Saturday, June 07, 2008
I've had a few brushes with childhood memories recently.
The precipitous weather change from crisp spring to what romantic Southern writers call "sultry" inexplicably throws me back to a wooden pew built with one-by-fours and tiger-striped with peeling egg-shell paint.
Halos of moths and june bugs encircle the fluorescent lights strung among metal pole rafters and high ceiling joists of an open tabernacle.
Camp meeting was always in June.
The other finger pointing to the past comes not from the current season, but current events.
Politics brings it to my attention, but it is not politics that I am reminded of.
The former pastor of former parishioner, Rev. Jeremiah Wright of Barack Obama, and now, Father Michael Pfleger, have a familiar look, a reminiscent tone.
Both men have superb oratorical skills. They have mastered the art of crowd connection.
I know this because I have observed many crowd connectors, some of the best; sermons where every sentence is measured, if not outright alliterated. Every inflection is the work of hours of practice, every shift of the eye is deliberate, every physical gesture is nuanced and calculating.
I watch Rev. Wright preach to the choir. He loves it and they love it. He sings their song. He provokes strong emotion. Coy, innocently sarcastic slides lead into thunderous blasts of conviction, taking the crowd where they want to go.
Father Pfleger comes to the pulpit hailed as a great friend of the church, and works that comission like a master. He turns his ire and the ire of the mob outward, excoriating the injustice of the world, condemning it in the harshest of terms. Hyperbole is inspiration, mockery is passion. He parlays the role of the voice crying in the wilderness into a pied piper's battle anthem. Such conviction must not go unheeded, such authority must not be ignored.
I believe I know the feeling in that sanctuary. It bleeds through the YouTube feed.

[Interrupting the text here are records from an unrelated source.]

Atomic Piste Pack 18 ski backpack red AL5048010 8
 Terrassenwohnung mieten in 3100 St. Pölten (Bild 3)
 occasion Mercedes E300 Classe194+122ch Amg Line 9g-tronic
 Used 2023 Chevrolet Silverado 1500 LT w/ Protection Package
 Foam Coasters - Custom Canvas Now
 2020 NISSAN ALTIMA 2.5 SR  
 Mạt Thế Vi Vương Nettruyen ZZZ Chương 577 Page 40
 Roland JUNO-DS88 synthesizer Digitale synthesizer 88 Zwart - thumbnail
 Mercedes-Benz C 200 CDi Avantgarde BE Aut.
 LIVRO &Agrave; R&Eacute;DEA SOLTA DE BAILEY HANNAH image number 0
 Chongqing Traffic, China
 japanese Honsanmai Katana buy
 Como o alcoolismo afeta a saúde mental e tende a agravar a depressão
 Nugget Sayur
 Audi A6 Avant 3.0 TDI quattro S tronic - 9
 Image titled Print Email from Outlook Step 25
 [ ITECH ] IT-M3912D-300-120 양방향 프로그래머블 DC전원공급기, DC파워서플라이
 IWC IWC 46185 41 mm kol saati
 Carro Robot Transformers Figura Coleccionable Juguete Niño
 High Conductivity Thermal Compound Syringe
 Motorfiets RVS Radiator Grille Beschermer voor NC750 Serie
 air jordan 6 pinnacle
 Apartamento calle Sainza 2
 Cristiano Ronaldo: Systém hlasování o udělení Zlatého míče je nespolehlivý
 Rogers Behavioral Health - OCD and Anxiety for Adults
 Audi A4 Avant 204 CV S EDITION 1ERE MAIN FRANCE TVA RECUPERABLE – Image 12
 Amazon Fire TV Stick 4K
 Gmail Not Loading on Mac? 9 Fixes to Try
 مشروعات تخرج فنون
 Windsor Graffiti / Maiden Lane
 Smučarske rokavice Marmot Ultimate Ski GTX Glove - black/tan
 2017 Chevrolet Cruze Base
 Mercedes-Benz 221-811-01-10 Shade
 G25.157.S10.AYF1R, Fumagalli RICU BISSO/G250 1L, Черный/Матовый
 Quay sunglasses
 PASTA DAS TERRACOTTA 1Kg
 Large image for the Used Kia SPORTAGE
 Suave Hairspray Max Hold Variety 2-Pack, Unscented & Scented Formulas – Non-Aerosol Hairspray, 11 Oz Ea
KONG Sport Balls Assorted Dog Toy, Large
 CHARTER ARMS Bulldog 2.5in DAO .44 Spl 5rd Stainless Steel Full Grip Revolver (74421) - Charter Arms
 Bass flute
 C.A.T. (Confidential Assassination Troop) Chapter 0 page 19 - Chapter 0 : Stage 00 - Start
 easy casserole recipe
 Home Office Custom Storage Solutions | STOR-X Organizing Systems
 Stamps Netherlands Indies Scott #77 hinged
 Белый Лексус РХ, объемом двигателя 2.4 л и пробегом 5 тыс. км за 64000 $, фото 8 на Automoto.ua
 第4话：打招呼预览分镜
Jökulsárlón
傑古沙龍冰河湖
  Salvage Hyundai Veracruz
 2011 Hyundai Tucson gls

I sat once in the back of that open tabernacle, watching with dumbfounded amazement being overcome by uneasiness marching down my spine and lifiting hair on my arms.
I had just heard Pac-Man inserted into a litany of other dubious sins with a conviction that did not lend itself to unbelief. Indeed, the congregation took it, believed it, swallowed it, raised their arms to it, and ran with it, through the aisles and down to the altar. It was music to their world weary ears. The problem was out there. Here was heaven, with like-minded people who eschewed the Internet, Pac-Man and hair-bows. More sick of the world than sin, they found emotional relief in the rash, brash, corporate denunciation of everything secular.
The atmosphere was charged and electric. I felt the waves of something potent, tangible by virtue of the spell it cast as it rippled from the platform out over the congregation, scattering the faithful in every direction, down to the bench to be exorcised of the demon Pac-Man, through the aisles, overcome with team spirit, and possibly roaming the room in search of the skulking prodigal in the back.
I was unsettled, feeling a magnetic implosion, conscious of the power of an emotional gravitational pull, sucking people into a maelstrom of convoluted, whim-driven legalism. I watched with the fascination of horror, mesmerized and repulsed by the exploitation of feeling.
These people were not broken, they were not humbled, they were pumped!
As were the parishioners of Rev. Wright and Father Pfleger. They appeal to the basest of human emotion. A carnal vindication flows from the soul in chorus with the recitation of the creed. Pride fuses with emotion, hardening into a patriotic defiance, deflecting all attention from contrition and humility. And they are ready now to take on the world.
I am so thankful for my own pastor, who tells me repeatedly to juxtapose his words with Scripture, who digs deep into the loam of the Bible, and never ventures outside its boundaries.